A Mutual Nuptial

A Mutual Nuptial

Marguerite Porete

Marguerite Porete, 14th-century heretic and author of The Mirror of Simple Souls, lived a rather enigmatic life. Little is known about her except that she wrote a work that is dizzying in its refusal to abide by dualistic ways of knowing and that she was burned at the stake for it. She refused to speak at her trials, neither defending nor recanting a work that in many ways prefigured the then considered orthodox work of St. John of the Cross two centuries later. So what has a medieval heretic to say to modern day women fighting for equality in the Church? I think quite a lot. 

When it comes to their theology of priesthood Pope Paul VI, Pope John Paul II, and theologian Hans Urs von Balthasar all have something in common: they connect it to the nuptial metaphor.
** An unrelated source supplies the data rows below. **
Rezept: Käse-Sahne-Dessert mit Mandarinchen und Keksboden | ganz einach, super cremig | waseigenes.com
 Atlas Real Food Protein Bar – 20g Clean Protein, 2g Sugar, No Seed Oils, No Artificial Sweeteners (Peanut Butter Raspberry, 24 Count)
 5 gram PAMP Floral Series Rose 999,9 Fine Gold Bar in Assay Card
They all say that in acting in persona Christi, the priest makes the bridegroom eternally present to the bride of Christ, the Church. This is then used to exclude women from the priesthood because they cannot and should not take on the “masculine” qualities of a bridegroom even though all of humanity takes on the “feminine” quality of being Christ’s bride.

According to Balthasar as outlined in his Theo-Drama’s II and III, “masculine bridegroom-ness” can be equated with activity and the ability to transmit life while “femininine bride-ness” is related to passivity and receptivity to life. This use of the nuptial metaphor is heartbreaking. Given that in Western societies today the pinnacle of marriage is a partnership of respect, support, and love, it is shameful that these theologians have taken such a metaphor and broken it down into its crudest, most binary terms. According to their interpretation, the nuptial metaphor separates men and women into two distinct categories based on gender roles rooted in antiquated understandings of sexual reproduction. It leaves no place for equality and absolutely erases the existence of the LGBTQ community. 
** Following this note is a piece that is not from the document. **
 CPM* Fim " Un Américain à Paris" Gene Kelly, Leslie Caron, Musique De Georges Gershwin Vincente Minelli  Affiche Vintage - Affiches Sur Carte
Marguerite Porete, though she wrote around 700 years ago, has a completely different way of looking at the nuptial metaphor. In The Mirror of Simple Souls she draws a picture of a love relationship between the Soul and God that is completely mutual in both self-giving and satisfaction. In this work Porete creates a dialogue between the soul and a host of characters such as Lady Love, Reason, The Supreme Lady of Peace, and The Spouse of the Soul. In the middle of this dialogue, the Soul comes to Lady Love in utter despondency. She has thought that the love between herself and the Divine was without “Lordship” but has found that she has nothing and the Divine has all. This creates an imbalance in the relationship and the Soul is heartbroken to think that she has nothing to offer to the one she loves.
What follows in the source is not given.